Task input:
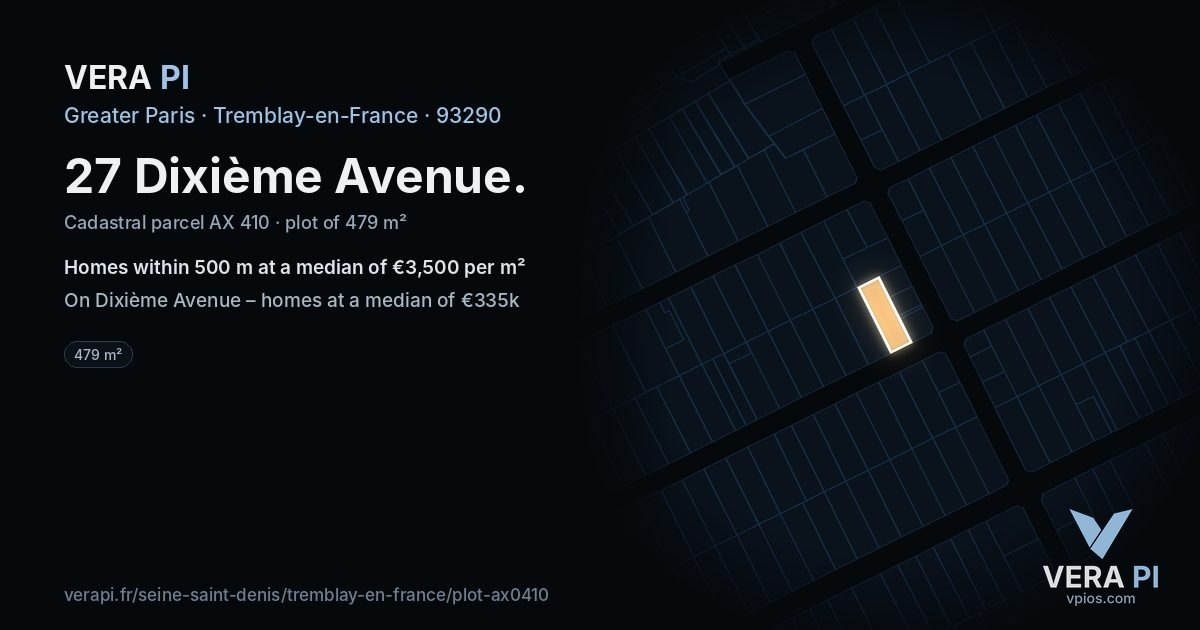 27 Dixième Avenue, Tremblay-en-France at night – the plot lit, the parcels around coloured by the prices near them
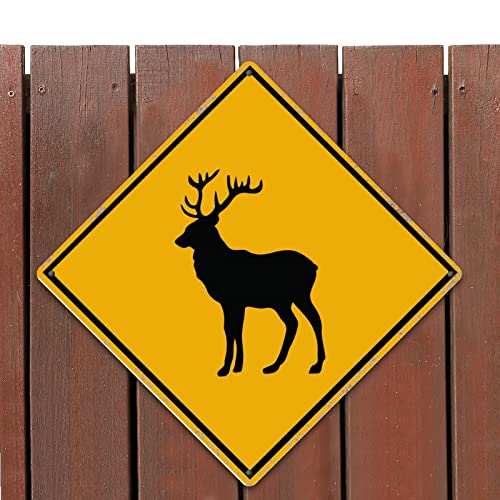 Panneau d'avertissement cerf en métal vintage 38 cm déco murale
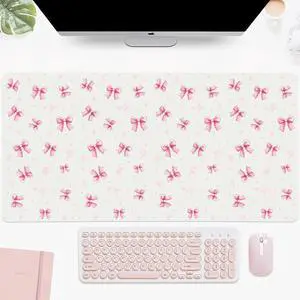 Idocolors Lovely Pink Bow Knot Desk Mat, White Extended Gaming Keyboard Mouse Pad, Large Cute Kawaii Women Office Desk Cover Mat Protector 31.5"x15.7"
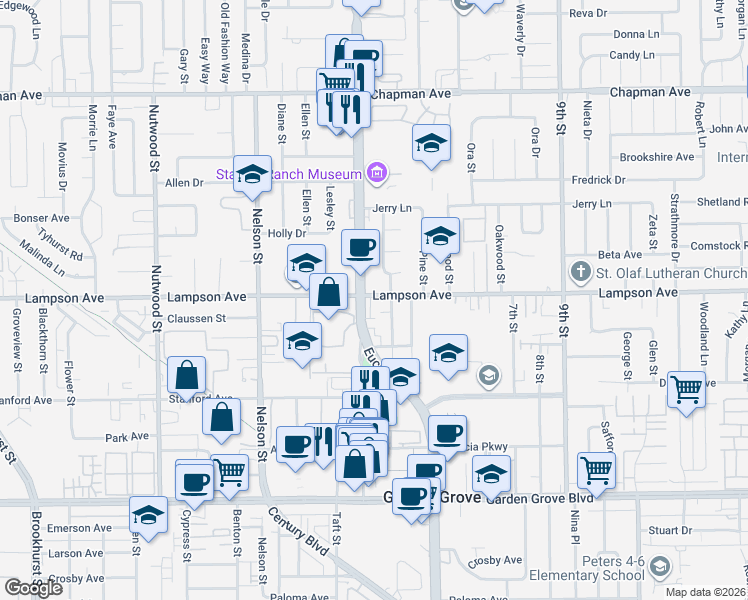map of restaurants, bars, coffee shops, grocery stores, and more near in Garden Grove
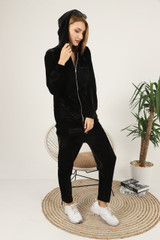 Fifth Avenue Womens Long Zip Velvet Hoodie and Pants Co-Ord Set FAVELC19 - Black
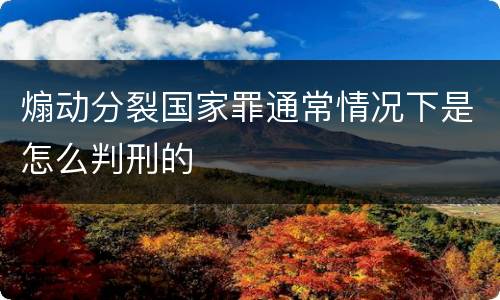 煽动分裂国家罪通常情况下是怎么判刑的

What is being asked: An exact copy is required of the lines from the one holding "Panneau d'avertissement cerf" to the end of the entries above, both included; no pictures belong in it.

Result for this task:
 Panneau d'avertissement cerf en métal vintage 38 cm déco murale
 Idocolors Lovely Pink Bow Knot Desk Mat, White Extended Gaming Keyboard Mouse Pad, Large Cute Kawaii Women Office Desk Cover Mat Protector 31.5"x15.7"
map of restaurants, bars, coffee shops, grocery stores, and more near in Garden Grove
 Fifth Avenue Womens Long Zip Velvet Hoodie and Pants Co-Ord Set FAVELC19 - Black
 煽动分裂国家罪通常情况下是怎么判刑的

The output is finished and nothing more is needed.